News outlets are limiting the Internet Archive’s access to their journalism
Archiving vs Paywalls and Timing
- Many suggest a compromise where the Internet Archive (IA) can crawl immediately but delays public access for days or months.
- Argument: immediate availability competes with publishers by letting people bypass paywalls and ads, but delayed access preserves history without harming short‑term revenue.
- Some compare this to JSTOR’s embargo model for journals and suggest an explicit “embargo” directive in robots.txt.
- Others note IA has historically archived even when robots.txt disallowed display, revealing tension between preservation and publisher control.

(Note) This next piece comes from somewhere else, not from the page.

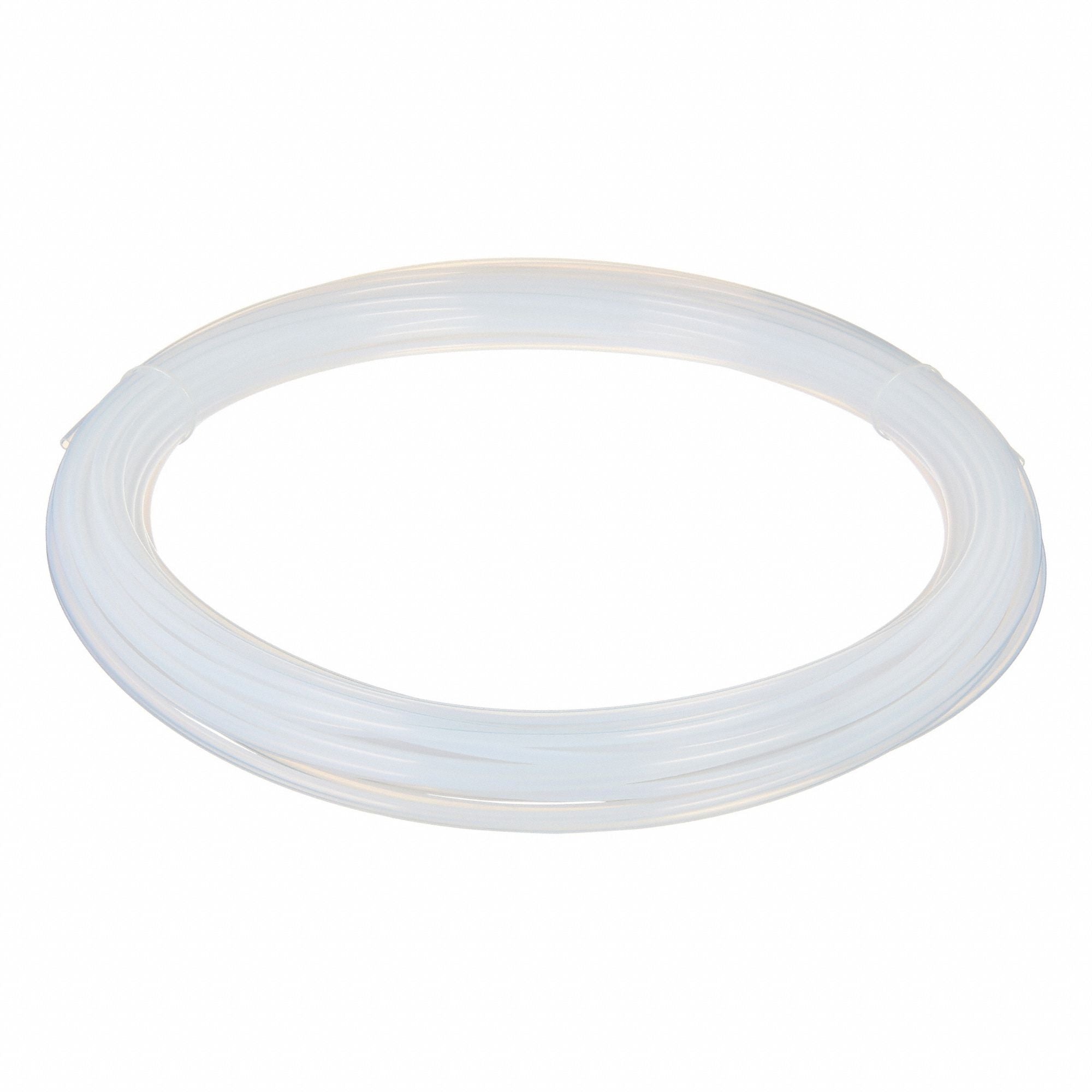 PARKER 1010188031NT100 Tubing White Shore D 50 to 65 1/8 I.D.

AI Training, IP, and Micropayments
- A core driver of new blocking is fear that AI companies are scraping IA instead of paying publishers.

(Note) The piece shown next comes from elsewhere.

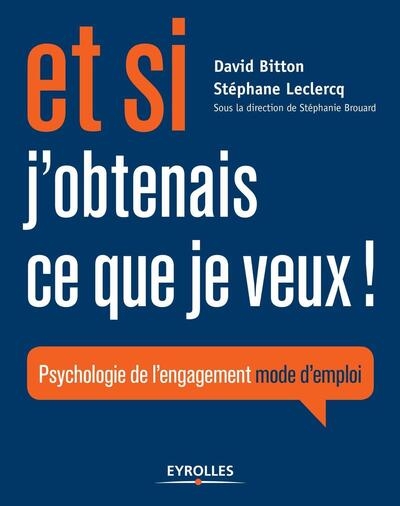 Et si j'obtenais ce que je veux ! - Image principale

- Some call this “training cost minimization” or outright “stealing”; they argue AI firms should license content directly.
- Counterpoint: blocking IA to keep out AI is seen as shortsighted because it sacrifices the public record.
- Several propose paid access for bots while keeping human access free, including live implementations and micropayment schemes.
- Others criticize micropayments as impractical and privacy‑threatening, and note AIs can evade paywalls via mass trial accounts.
Historical Memory and “Memory-Holing”
- Strong concern that blocking IA will enable quiet edits, deletions, and narrative rewrites.
- People report frequent silent article changes and disappearing stories; IA snapshots are seen as critical for fact‑checking.
- Some fear a future where history is “rewritten by the current victors,” especially without independent archives.
- National or physical archives (libraries, microfiche, local partnerships with universities) help, but are less accessible than IA.
Quality and Economics of Local News
- Many see this as a symptom of a collapsing business model: ad revenue is down, paywalls are up, and PE owners prioritize extraction over reporting.
- Some argue blocking IA won’t create new subscribers because people who bypass paywalls weren’t going to pay anyway.
- Others note archives themselves are monetized (e.g., genealogy subscriptions), so outlets logically resist giving them away.
Alternative Archiving Approaches and IA Limitations
- Proposed alternatives include decentralized, torrent‑style archiving that ignores copyright, self‑hosted tools, and browser extensions that let logged‑in readers submit pages.
- There’s demand for anonymous archivists that don’t honor takedowns (with exceptions like CSAM).
- IA’s own anti‑bot measures are reported to make broader research harder, even as it is being blocked more.
Privacy and Ethical Concerns
- Some worry that searchable archives of old local news (hospital admissions, addresses, etc.) create invasive public dossiers.
- Others respond that despite these risks, losing an accessible, independent record is more dangerous overall.